Cool image time! The image on the right, cropped and reduced in resolution to fit here, shows an area of inexplicable dark dunes located in Mars’ high northern latitudes. Located in a circular depression (whose outline can be seen across the top and left side of the image), geologists only partly understand the processes producing these dunes. As the noted on the release webpage:

However, a circular depression (probably an old and infilled impact crater) has limited the amount of sand available for dune formation and influenced local winds. As a result, the dunes here form distinct dots and dashes. The “dashes” are linear dunes formed by bi-directional winds, which are not traveling parallel to the dune. Instead, the combined effect of winds from two directions at right angles to the dunes, funnels material into a linear shape. The smaller “dots” (called “barchanoid dunes”) occur where there is some interruption to the process forming those linear dunes. This process is not well understood at present and is one motivation for HiRISE to image this area.
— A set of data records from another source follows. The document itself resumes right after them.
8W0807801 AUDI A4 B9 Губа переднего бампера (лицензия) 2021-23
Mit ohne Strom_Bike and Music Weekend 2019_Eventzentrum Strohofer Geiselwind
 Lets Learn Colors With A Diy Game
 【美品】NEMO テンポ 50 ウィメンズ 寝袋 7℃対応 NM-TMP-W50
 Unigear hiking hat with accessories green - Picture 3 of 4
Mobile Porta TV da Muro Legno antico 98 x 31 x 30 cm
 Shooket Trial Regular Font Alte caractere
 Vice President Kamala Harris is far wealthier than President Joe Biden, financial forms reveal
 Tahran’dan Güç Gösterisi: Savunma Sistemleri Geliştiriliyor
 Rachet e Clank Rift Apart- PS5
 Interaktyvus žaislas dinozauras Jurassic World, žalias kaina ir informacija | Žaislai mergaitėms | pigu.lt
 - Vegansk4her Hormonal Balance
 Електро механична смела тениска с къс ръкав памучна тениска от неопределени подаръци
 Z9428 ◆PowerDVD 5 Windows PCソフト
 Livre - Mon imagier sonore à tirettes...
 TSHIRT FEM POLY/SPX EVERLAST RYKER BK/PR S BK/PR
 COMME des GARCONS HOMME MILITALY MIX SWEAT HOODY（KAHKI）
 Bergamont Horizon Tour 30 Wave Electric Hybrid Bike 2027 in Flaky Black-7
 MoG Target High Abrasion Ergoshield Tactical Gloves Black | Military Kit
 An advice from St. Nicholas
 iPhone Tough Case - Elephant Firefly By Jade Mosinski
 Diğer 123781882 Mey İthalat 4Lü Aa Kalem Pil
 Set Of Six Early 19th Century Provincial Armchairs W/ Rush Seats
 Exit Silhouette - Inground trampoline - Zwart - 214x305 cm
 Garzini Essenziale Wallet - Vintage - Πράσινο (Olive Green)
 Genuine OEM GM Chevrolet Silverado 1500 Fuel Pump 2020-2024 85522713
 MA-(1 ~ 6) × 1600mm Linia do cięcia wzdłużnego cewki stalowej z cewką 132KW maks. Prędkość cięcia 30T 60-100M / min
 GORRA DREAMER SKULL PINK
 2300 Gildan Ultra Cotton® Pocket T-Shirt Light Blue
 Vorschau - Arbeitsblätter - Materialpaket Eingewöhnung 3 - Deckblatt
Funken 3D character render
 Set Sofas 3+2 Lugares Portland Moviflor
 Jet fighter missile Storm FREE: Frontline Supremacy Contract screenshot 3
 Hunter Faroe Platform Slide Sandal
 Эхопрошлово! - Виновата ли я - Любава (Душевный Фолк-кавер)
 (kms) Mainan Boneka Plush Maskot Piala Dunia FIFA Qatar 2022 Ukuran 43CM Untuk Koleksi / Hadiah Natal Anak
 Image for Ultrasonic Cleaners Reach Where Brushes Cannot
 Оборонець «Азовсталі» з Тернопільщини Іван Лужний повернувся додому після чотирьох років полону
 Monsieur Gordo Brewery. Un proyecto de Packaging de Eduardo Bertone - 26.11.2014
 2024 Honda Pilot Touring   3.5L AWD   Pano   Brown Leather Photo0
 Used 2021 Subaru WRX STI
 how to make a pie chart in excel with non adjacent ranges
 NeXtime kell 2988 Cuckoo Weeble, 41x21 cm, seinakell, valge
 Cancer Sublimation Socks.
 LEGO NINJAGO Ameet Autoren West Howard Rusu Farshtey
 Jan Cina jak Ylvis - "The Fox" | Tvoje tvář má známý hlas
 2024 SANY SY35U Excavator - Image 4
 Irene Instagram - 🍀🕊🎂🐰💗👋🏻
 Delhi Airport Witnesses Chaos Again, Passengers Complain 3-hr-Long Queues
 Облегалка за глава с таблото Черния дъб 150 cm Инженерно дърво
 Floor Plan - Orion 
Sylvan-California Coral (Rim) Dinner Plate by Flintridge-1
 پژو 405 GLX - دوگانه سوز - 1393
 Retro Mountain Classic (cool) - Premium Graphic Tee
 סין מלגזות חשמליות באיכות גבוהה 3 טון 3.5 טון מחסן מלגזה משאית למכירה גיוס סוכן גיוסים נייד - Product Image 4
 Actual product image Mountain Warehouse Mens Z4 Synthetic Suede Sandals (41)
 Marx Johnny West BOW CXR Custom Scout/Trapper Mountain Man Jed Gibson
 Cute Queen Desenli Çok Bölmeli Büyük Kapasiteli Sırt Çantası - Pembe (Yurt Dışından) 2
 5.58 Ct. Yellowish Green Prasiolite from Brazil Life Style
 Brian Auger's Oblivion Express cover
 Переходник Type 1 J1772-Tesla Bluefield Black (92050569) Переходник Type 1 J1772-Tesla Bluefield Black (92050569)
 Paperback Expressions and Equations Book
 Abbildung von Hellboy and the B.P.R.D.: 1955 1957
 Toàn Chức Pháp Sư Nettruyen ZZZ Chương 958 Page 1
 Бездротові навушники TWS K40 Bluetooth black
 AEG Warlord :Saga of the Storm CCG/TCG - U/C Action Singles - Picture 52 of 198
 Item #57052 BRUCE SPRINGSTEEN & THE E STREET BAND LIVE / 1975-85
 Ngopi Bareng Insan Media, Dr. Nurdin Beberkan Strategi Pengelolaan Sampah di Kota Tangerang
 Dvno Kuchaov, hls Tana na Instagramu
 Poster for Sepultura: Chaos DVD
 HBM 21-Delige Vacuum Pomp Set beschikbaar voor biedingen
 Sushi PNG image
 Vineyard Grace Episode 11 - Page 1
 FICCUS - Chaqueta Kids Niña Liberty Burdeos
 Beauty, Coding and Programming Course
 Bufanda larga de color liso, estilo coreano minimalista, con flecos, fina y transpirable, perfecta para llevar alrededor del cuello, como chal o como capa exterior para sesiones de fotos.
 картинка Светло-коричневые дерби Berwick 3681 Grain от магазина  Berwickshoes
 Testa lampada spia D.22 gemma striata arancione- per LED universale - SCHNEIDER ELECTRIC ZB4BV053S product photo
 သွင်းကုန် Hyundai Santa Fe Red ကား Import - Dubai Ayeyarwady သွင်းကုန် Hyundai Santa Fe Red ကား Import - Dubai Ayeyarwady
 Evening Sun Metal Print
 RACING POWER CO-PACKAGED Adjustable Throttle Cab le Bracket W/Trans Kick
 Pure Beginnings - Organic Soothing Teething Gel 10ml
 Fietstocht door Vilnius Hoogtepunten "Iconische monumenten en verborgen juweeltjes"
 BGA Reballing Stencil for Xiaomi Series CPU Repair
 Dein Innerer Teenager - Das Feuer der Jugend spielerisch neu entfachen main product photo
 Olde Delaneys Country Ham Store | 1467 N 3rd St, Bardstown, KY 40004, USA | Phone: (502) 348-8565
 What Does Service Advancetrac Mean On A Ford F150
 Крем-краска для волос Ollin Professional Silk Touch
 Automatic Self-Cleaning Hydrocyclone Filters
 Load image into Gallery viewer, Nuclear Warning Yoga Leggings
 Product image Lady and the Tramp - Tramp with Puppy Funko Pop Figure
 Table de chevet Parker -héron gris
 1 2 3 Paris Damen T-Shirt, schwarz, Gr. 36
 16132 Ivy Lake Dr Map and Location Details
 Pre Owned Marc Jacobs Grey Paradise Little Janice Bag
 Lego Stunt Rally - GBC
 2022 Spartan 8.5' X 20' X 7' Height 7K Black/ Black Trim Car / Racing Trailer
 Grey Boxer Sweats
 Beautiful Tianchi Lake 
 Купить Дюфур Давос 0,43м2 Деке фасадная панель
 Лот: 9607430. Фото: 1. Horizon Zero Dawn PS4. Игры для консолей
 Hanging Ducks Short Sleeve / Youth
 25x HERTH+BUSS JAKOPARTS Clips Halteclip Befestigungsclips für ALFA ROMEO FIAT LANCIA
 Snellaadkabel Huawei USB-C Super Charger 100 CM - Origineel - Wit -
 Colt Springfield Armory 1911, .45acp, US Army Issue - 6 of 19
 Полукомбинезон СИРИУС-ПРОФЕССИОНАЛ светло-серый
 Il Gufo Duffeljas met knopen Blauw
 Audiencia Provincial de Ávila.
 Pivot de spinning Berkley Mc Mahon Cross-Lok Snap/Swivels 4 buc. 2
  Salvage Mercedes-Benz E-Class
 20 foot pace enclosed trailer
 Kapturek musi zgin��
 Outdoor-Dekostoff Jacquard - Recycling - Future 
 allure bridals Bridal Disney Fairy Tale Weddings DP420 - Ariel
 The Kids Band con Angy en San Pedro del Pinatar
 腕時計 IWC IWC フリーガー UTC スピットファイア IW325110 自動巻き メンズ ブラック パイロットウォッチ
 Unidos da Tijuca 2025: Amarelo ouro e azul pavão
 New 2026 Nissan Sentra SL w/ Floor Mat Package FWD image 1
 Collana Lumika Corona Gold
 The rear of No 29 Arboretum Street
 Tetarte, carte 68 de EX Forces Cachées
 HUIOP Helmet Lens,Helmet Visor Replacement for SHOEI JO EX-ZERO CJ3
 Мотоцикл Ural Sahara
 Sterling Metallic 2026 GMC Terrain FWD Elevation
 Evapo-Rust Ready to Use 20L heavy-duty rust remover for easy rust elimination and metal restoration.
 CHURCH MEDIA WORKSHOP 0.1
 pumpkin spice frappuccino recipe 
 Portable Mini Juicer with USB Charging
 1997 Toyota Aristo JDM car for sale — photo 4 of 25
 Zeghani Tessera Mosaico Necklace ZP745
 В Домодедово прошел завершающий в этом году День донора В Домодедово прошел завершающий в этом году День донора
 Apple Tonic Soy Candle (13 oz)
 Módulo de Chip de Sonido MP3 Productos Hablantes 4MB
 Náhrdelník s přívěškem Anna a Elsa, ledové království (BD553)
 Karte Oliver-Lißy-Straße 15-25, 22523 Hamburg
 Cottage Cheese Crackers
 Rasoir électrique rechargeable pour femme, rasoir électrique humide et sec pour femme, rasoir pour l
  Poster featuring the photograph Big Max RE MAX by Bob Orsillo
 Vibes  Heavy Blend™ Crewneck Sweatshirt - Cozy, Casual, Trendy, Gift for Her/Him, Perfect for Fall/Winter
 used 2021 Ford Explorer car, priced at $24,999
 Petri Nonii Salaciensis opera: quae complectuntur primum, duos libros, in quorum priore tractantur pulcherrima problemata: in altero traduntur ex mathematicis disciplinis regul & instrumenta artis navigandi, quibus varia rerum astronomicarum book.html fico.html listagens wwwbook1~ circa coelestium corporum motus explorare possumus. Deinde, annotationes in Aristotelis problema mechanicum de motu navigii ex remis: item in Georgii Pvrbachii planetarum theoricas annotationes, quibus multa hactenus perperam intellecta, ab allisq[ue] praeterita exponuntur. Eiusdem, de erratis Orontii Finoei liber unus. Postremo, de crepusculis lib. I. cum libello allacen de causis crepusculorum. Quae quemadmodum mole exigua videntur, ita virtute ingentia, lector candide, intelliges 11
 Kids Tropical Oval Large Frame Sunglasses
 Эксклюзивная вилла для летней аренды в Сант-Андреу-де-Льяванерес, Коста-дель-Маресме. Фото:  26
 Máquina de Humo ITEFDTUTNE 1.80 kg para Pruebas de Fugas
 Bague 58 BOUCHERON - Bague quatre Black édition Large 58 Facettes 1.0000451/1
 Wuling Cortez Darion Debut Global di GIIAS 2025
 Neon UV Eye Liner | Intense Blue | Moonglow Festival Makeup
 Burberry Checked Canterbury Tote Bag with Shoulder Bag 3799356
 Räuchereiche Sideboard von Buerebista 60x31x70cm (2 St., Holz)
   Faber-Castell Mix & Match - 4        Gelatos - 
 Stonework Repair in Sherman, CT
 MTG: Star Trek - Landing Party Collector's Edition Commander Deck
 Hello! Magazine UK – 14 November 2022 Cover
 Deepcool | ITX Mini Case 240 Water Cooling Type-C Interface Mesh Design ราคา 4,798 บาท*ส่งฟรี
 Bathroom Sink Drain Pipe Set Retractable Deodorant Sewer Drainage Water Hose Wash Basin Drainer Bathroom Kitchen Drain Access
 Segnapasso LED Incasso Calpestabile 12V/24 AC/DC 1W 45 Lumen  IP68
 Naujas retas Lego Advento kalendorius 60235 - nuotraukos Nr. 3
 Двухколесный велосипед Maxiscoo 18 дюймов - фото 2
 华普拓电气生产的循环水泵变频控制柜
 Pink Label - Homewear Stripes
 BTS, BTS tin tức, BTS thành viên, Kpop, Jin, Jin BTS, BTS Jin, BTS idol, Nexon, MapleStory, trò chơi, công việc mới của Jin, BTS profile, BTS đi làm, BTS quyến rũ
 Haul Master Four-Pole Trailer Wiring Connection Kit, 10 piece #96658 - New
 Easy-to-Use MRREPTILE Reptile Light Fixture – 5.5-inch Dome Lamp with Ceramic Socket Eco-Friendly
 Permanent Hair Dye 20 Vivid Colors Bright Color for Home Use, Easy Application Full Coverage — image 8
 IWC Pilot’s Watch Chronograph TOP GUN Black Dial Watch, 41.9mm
Be sure to look at the full image, as it covers a wider area and shows dunes that travel in all directions, forming mazelike patterns that no theory presently explains.

The Winds of Mars

changing martian dunes
Images taken 1363 days apart.

In two different papers published in two different journals in the past month, scientists have concluded that — despite the thinness of the planet’s atmosphere — the dunes and sands of Mars are being continually shaped and changed by its winds. In both papers the data from which this conclusion was drawn came from high resolution images taken by the HiRISE camera on Mars Reconnaissance Orbiter.

What is especially interesting about this conclusion is that the climate models that had been developed for the Martian atmosphere, combined with wind measurements gathered by the various Martian landers, had all suggested that the kind of strong winds necessary to move sand were rare. To quote the abstract of the paper published on Monday in the journal Geology, Bridges, et al,

Prior to Mars Reconnaissance Orbiter data, images of Mars showed no direct evidence for dune and ripple motion. This was consistent with climate models and lander measurements indicating that winds of sufficient intensity to mobilize sand were rare in the low-density atmosphere.

Similarly, the second paper, Silvestro, et al, published on October 22 in Geophysical Research Letters, stated that

results from wind tunnel simulations and atmospheric models show that such strong wind events should be rare in the current Martian atmospheric setting.

Yet, both studies found significant evidence that such winds do occur on Mars, and are moving sand in many different places.